Martin Parr is a photographer who specialised in environmental portrait. He observes people, identify a subject and ask them to stop and pose.
The people gather to enter the exhibition by the giant sign which very purposely includes one of Marting Parr pictures of women queuing.
The scene is set, this is an immersive experience. You come to see pictures of people but you are also reminded that you are very much one of them.
A room dedicated to parties invites you to join the celebrations with a disco ball spinning as you watch people dancing and drinking.
Another one takes you to an overcrowded beach with lounge chairs. Among the densely packed scenes, Martin Parr was able to approach his subjects and isolate small details you would normally never notice.
Just like Martin Parr, this exhibition doesn’t take itself too seriously. In his own words: “Humans are weird! We are weird and do weird things!”
An entire section questions what it means to be British in the time of Brexit.

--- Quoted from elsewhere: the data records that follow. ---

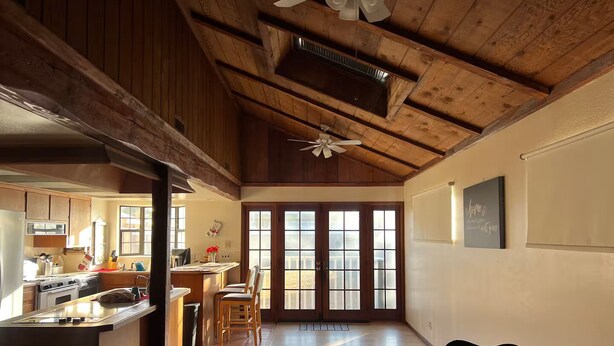 A spacious kitchen with wooden beams, a dining area with chairs, and a large window with frosted glass panels.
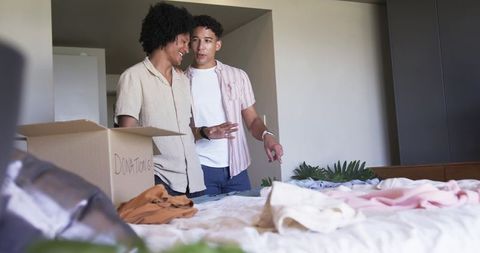 Two men packing donations in bedroom sorting clothing for charity and home organizing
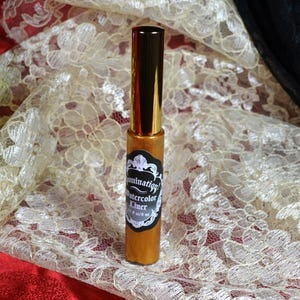 May include: A gold-colored eyeliner with a black and white label that reads "Illumination! Watercolor Liner". The eyeliner has a gold cap and is displayed on a cream-colored lace fabric.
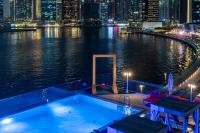 a swimming pool on a boat in the water at night at Canal Central Hotel Business Bay in Dubai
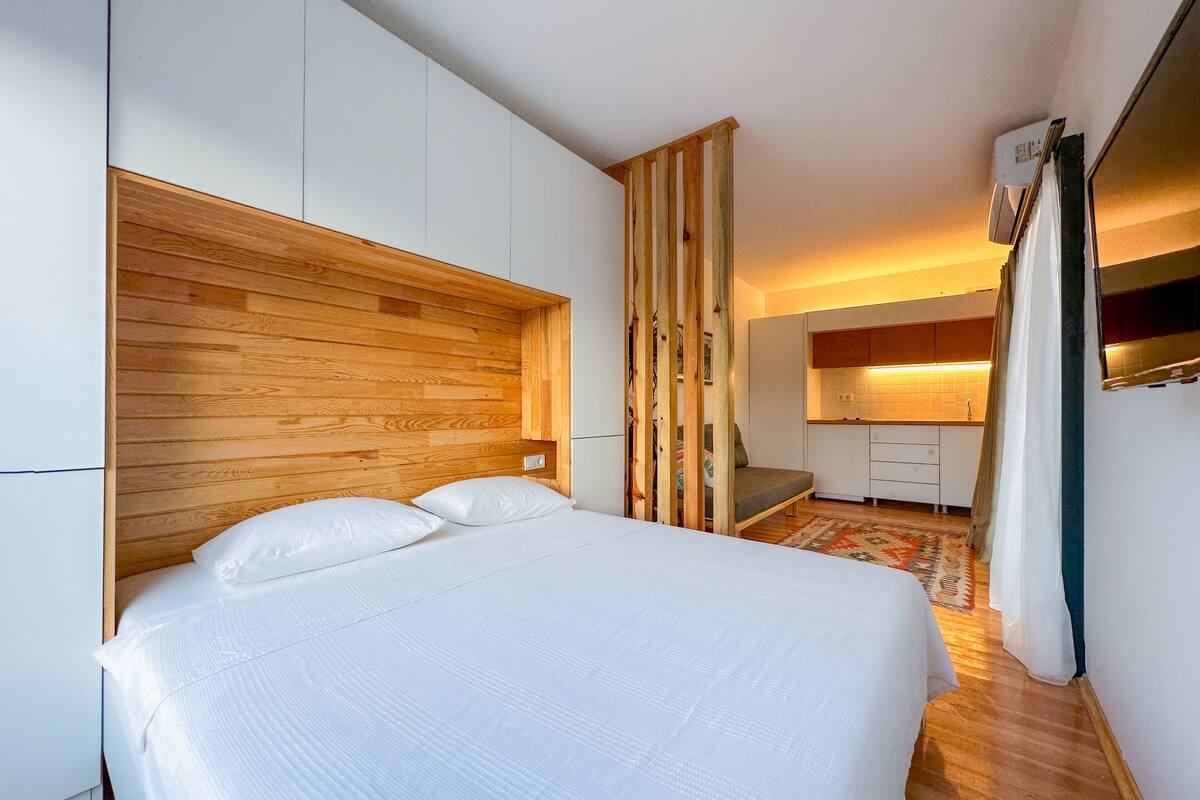 Un dormitorio moderno con cabecera de madera, cama con ropa de cama blanca, una pequeña cocina integrada al fondo y una alfombra estampada en el suelo.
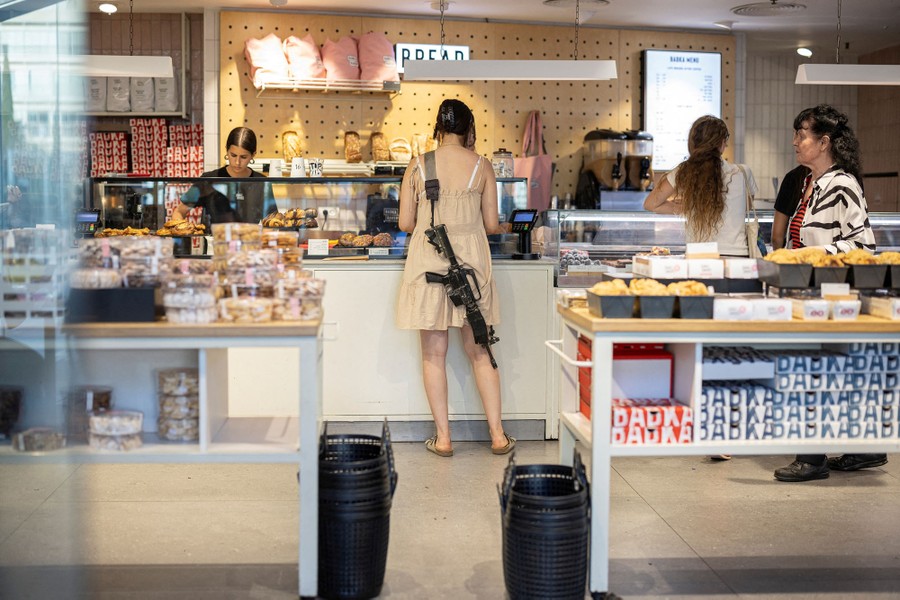 A woman in civilian clothing carries a rifle on a shoulder strap while shopping in a bakery.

There you will see two muslim women managing a fish and chips shop. High society students gathering for a quintessentially British afternoon tea, while working class families celebrate St George day in the Black Country.
It highlights what the UK is all about: diversity, community and a good party.
I also love how Martin Parr embraced the art of tourist photography and gave this, sometimes forgotten and often unkindly judge, niche a minute of fame.
The wall with all his portraits taken on trips is fascinating and comical. He moves from one absurd situation to another while highlighting the aesthetic ideals of the different countries.
Martin Parr’s Only Human exhibition at The National Portrait Gallery is a welcome emotional and (sometimes) comic relief. A breath of fresh air and burst of colours in a very sad grey world. It also reminds us all that, by the end of the day, we shouldn’t take ourselves too seriously because really… we are only human.
Only Human by Martin Parr is on until the 27th of May 2019.